Reflections on Foodie-ism

I recently read an amusing article in the City Pages titled “Foodies Under Attack” by a blogger named shefzilla. The article serves as a rebuttal to a piece written by B.R. Myers, which shed an unfavorable light on the world of foodie-ism. The response inspired me to explore my own thoughts on what a “foodie” is and what it means to be a foodie.

What is a foodie?

According to Wikipedia, the all-knowing source for random information, a foodie is “an informal term for a particular class of aficionado of food and drink.” The term was originally coined by a food journalist named Paul Levy in 1981, and has taken on a variety of meanings throughout the years.

To the general public, however, I think the term has morphed into a combination of multiple meanings, and can be thought of as one of several identities. We have people who recognize foodies as “food snobs,” who only care about the uniqueness of the ingredients, where they came from, the complicated preparation techniques used, and the specialized training of the chef involved. This is how B.R. Meyers associates the word “foodie.” Others recognize foodies as those who eat with a vigor that borderlines gluttony. The Food Network program “Man vs. Food” comes to mind as an example. Where the true definition of foodie lies is a matter of opinion and much debate, but I would like to argue that a true foodie is someone much like the following description, provided again by Wikipedia: a foodie is simply someone who “wants to learn everything about food, both the best and the ordinary, and about the science, industry, and personalities surrounding food.”

Students in this year’s farm class come from a wide variety of backgrounds, but I have an inkling that we all share the core values of a true foodie. Assuming we are all taking this class to learn, more or less, how to grow and sell fruits and vegetables in the most sustainable way, we all have an interest in experiencing the wonders of the final product, the quite literal fruits of our labors. In the process, we want to know how all these crops grow, the optimal conditions under which they will thrive, how much and what kinds of attention and care they need, and how they crops can be used best as an end product.
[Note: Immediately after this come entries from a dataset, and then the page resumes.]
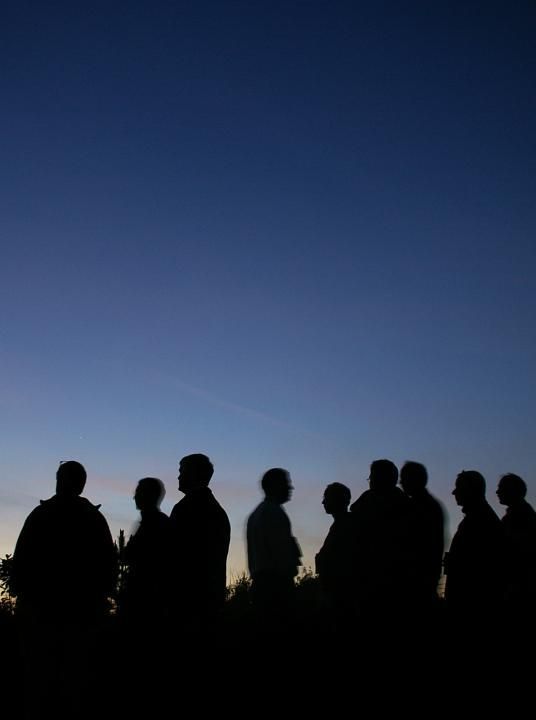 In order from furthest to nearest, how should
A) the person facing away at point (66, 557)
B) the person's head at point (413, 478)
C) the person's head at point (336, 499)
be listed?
the person's head at point (336, 499), the person's head at point (413, 478), the person facing away at point (66, 557)

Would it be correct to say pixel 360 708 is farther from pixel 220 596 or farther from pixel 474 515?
pixel 474 515

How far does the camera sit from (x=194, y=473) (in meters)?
5.79

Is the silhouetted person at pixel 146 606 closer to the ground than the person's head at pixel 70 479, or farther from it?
closer to the ground

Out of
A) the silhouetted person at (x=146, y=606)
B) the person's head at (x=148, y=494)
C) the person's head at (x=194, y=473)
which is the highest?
the person's head at (x=194, y=473)

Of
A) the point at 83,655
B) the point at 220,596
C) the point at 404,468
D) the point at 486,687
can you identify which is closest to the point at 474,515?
the point at 404,468

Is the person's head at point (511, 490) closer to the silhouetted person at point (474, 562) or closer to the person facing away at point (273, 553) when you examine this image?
the silhouetted person at point (474, 562)

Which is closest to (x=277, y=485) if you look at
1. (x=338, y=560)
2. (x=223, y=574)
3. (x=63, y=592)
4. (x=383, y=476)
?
(x=338, y=560)

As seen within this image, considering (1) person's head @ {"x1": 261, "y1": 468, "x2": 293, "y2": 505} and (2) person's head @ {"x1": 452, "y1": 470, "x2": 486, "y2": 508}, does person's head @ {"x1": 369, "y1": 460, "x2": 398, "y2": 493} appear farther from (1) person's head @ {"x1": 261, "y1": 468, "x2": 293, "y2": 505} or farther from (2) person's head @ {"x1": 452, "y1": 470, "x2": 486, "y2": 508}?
(1) person's head @ {"x1": 261, "y1": 468, "x2": 293, "y2": 505}

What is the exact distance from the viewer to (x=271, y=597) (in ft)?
20.2

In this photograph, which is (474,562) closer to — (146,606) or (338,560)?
(338,560)

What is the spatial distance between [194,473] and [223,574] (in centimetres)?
88

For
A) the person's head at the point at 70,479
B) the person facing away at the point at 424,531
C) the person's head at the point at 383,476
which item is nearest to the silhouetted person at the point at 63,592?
the person's head at the point at 70,479

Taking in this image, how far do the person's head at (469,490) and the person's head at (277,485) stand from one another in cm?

On the other end, we also want to know which varieties and combinations are good for the various methods of preparation and eating, and how to prepare these foods to create the most enjoyable eating experience possible. Our concern for sustainability is a huge factor in our decisions about which qualities of foods we enjoy, as we take interest in understanding how the way our food is grown affects the world around us. As we each bring our own unique contributions to this class through our various interests in food, we all come together to celebrate the true meaning of foodie-ism.